Ma le implicazioni per l’Europa potrebbero essere ben peggiori. Le tensioni tra gli stati membri hanno raggiunto un punto di rottura, non solo rispetto ai profughi, ma anche a seguito delle eccezionali pressioni tra paesi creditori e debitori all’interno dell’Eurozona. Allo stesso tempo, i leader indeboliti in Francia e Germania ora sono seriamente concentrati sui problemi domestici. In Italia, la flessione del 10% del mercato azionario seguita alla Brexit segnala chiaramente la vulnerabilità del paese a una vera e propria crisi bancaria – che potrebbe portare il populista Movimento 5 Stelle, che ha appena vinto la carica di sindaco a Roma, a governare il paese già il prossimo anno.
Nulla di tutto ciò è di buon auspicio per un serio programma di riforma dell’Eurozona, che dovrebbe includere una vera unione bancaria, un’unione fiscale limitata e meccanismi più solidi di responsabilità democratica.
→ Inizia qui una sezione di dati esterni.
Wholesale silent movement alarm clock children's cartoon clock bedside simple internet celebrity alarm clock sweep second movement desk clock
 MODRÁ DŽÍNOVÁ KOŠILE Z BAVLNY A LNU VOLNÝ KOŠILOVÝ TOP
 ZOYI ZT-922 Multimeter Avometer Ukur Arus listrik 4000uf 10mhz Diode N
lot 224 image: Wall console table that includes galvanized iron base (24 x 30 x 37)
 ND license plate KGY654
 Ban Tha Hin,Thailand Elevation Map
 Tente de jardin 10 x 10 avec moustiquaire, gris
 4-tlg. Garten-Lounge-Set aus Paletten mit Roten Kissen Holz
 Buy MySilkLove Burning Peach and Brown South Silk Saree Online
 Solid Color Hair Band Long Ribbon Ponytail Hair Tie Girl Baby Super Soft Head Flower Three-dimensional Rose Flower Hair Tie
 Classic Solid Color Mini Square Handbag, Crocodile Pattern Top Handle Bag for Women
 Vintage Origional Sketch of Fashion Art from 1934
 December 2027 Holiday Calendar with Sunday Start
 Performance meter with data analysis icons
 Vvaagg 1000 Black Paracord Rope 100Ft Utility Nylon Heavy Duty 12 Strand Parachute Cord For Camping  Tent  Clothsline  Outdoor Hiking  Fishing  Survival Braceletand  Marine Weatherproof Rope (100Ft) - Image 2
E i tempi non sono dalla parte dell’Europa, dato che le pressioni esterne da parte di Turchia e Russia – che stanno sfruttando la discordia a proprio vantaggio – compongono la lotta politica interna dell’Europa.
È qui che siamo oggi. Tutta l’Europa, inclusa la Gran Bretagna, soffre per la perdita del mercato comune e per la perdita dei valori comuni sottintesi al progetto Ue. Eppure l’Ue è realmente venuta meno e ha smesso di soddisfare le esigenze e le aspirazioni dei suoi cittadini. La disintegrazione disordinata è dietro l’angolo e lascerà l’Europa in condizioni peggiori di quelle che si sarebbero verificate se non fosse stata creata l’Ue.
Ma non dobbiamo rinunciare. Dobbiamo ammettere che l’Ue presenta dei difetti. Dopo la Brexit, tutti quelli come noi che credono nei valori e nei principi che l’Ue avrebbe dovuto garantire devono unirsi per salvarla ricostruendola integralmente. Sono convinto che di fronte alle conseguenze della Brexit che si paleseranno nelle settimane e nei mesi a venire, sempre più persone si uniranno a noi.